Machine Learning

CS4780 / CS 5780
Fall 2013
Prof. Thorsten Joachims
Cornell University, Department of Computer Science


Shortcuts: [Video and Slides] [Piazza] [CMS]

Time and Place

First lecture: August 29, 2013
Last lecture: December 5, 2013

  • Tuesday, 1:25pm - 2:40pm in Kimball B11
  • Thursday, 1:25pm - 2:40pm in Kimball B11

First Prelim Exam: October 17
Second Prelim Exam: November 26
Final Project: December 11 and December 18


Machine learning is concerned with the question of how to make computers learn from experience.

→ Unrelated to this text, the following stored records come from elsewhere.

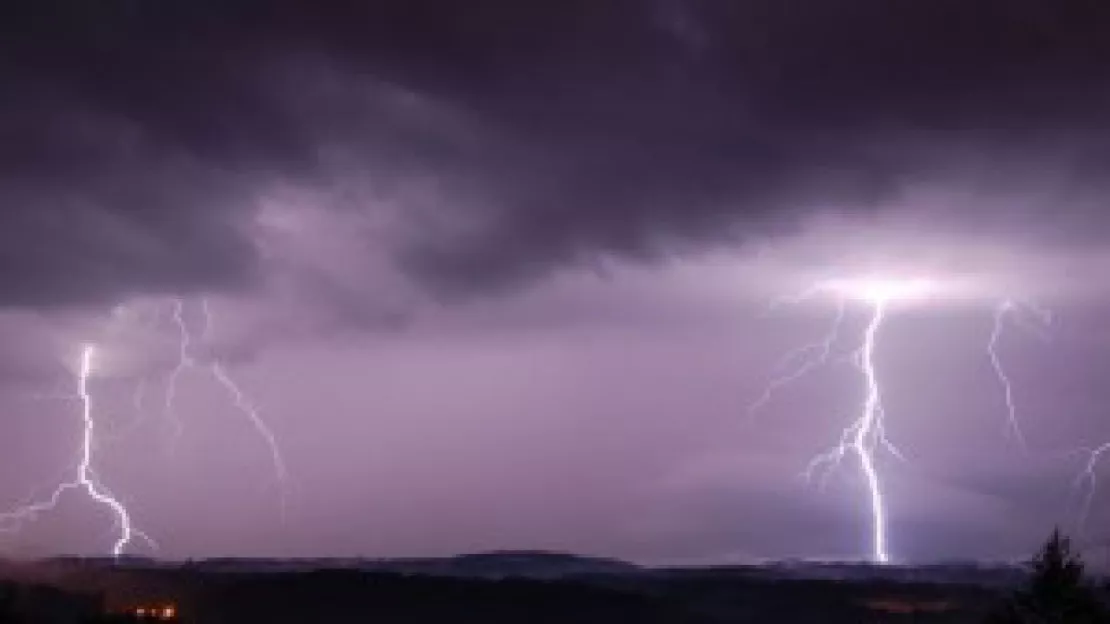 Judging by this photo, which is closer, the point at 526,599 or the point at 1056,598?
the point at 1056,598

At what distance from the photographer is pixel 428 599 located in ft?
594

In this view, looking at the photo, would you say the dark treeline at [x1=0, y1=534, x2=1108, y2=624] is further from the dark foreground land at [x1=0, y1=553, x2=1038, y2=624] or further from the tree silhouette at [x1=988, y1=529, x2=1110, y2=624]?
the tree silhouette at [x1=988, y1=529, x2=1110, y2=624]

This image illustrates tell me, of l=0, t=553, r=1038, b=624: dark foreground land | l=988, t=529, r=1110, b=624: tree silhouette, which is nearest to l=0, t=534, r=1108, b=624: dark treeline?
l=0, t=553, r=1038, b=624: dark foreground land

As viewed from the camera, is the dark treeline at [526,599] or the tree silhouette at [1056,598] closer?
the tree silhouette at [1056,598]

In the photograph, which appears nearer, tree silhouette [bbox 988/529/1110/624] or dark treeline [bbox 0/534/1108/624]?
tree silhouette [bbox 988/529/1110/624]

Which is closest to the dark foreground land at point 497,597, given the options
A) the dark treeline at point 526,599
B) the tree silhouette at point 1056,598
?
the dark treeline at point 526,599

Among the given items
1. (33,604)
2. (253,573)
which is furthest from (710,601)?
(33,604)

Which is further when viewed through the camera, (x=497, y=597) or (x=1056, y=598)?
(x=497, y=597)

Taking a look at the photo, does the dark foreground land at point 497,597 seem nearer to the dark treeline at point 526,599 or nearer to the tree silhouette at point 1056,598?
the dark treeline at point 526,599

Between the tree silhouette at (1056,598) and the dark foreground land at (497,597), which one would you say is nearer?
the tree silhouette at (1056,598)

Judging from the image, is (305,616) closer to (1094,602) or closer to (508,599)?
(508,599)

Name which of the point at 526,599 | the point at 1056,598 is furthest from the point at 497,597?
the point at 1056,598

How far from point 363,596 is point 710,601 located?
136ft

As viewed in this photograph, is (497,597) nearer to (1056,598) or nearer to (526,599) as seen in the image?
(526,599) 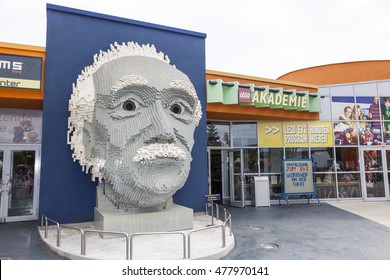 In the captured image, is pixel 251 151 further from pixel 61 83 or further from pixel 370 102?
pixel 61 83

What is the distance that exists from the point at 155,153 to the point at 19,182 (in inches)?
219

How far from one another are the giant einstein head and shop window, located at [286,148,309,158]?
23.3 feet

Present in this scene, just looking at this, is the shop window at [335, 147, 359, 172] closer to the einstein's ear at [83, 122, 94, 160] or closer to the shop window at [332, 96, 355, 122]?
the shop window at [332, 96, 355, 122]

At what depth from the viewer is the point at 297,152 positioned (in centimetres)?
1274

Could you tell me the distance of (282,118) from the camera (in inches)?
464

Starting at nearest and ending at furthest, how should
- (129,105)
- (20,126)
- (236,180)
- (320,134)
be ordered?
(129,105) < (20,126) < (236,180) < (320,134)

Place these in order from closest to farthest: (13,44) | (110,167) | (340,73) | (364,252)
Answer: (364,252)
(110,167)
(13,44)
(340,73)

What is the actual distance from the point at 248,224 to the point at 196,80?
4.72 m

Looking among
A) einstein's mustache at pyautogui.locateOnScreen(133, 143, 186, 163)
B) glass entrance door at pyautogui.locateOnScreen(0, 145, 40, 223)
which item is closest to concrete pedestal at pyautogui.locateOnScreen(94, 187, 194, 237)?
einstein's mustache at pyautogui.locateOnScreen(133, 143, 186, 163)

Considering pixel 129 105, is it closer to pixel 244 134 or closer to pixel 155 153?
pixel 155 153

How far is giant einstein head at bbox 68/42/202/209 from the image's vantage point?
20.3ft

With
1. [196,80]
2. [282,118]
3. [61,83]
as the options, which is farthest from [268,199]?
[61,83]

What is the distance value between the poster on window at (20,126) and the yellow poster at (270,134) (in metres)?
8.21

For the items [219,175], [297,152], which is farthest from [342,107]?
[219,175] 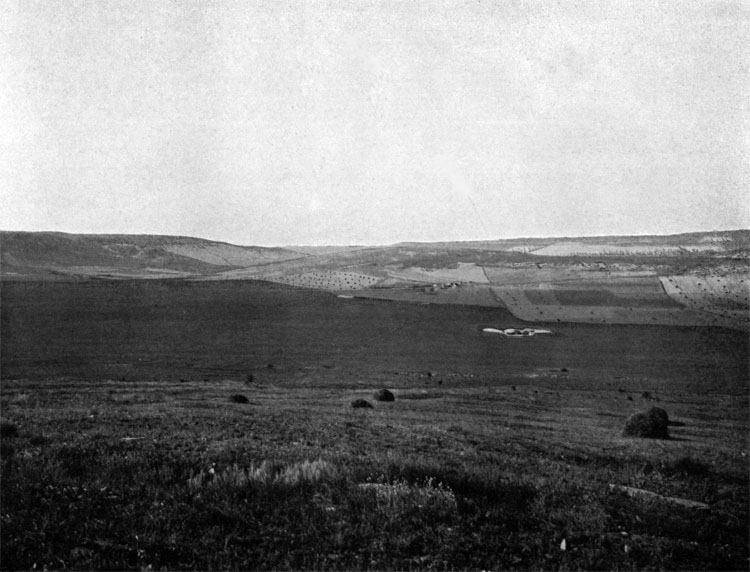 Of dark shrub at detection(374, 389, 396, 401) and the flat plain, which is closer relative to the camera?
the flat plain

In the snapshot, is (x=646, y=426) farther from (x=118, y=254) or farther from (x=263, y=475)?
(x=118, y=254)

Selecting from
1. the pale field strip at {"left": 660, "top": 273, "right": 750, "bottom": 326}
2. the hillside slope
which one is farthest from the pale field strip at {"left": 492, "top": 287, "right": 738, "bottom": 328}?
the hillside slope

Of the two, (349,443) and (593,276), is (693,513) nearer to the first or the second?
(349,443)

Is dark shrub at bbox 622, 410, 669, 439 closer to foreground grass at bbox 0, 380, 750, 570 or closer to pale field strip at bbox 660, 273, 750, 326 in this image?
foreground grass at bbox 0, 380, 750, 570

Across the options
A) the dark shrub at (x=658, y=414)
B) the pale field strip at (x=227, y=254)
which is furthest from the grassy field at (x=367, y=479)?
the pale field strip at (x=227, y=254)

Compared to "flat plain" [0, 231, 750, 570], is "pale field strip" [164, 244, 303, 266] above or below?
above

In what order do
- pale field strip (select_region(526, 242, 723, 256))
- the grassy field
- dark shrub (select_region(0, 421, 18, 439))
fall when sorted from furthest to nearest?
1. pale field strip (select_region(526, 242, 723, 256))
2. dark shrub (select_region(0, 421, 18, 439))
3. the grassy field

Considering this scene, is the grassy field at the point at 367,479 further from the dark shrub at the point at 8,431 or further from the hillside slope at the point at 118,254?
the hillside slope at the point at 118,254

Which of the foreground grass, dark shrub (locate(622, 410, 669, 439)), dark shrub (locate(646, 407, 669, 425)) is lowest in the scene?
dark shrub (locate(622, 410, 669, 439))

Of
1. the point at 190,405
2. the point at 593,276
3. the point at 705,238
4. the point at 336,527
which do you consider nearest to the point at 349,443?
the point at 336,527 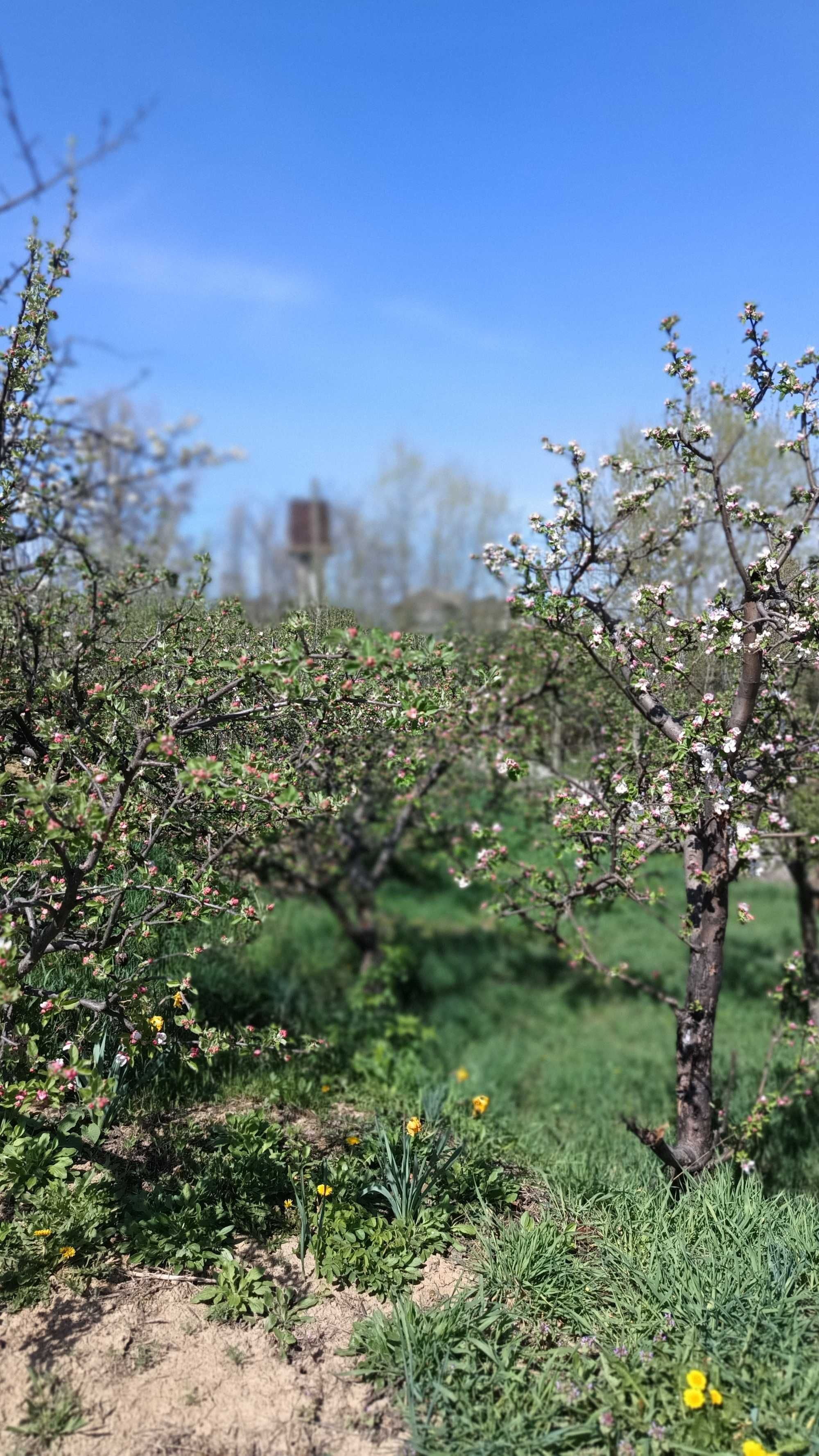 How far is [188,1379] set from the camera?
3008mm

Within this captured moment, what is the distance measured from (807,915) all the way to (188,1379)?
577 cm

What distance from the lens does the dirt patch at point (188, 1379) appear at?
9.21 ft

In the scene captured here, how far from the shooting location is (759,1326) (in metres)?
3.07

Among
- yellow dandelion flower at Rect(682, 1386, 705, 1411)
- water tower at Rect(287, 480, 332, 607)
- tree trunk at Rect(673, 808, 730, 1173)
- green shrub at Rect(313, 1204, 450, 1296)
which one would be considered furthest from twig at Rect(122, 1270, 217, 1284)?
water tower at Rect(287, 480, 332, 607)

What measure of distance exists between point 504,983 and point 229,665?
292 inches

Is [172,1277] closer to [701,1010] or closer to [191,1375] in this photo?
[191,1375]

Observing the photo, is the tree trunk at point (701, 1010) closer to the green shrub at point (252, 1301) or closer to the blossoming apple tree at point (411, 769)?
the blossoming apple tree at point (411, 769)

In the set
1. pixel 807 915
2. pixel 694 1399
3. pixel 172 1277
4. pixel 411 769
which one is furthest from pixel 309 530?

The ability to learn is not only central to most aspects of intelligent behavior, but machine learning techniques have become key components of many software systems. For examples, machine learning techniques are used to create spam filters, to analyze customer purchase data, to understand natural language, or to detect fraudulent credit card transactions.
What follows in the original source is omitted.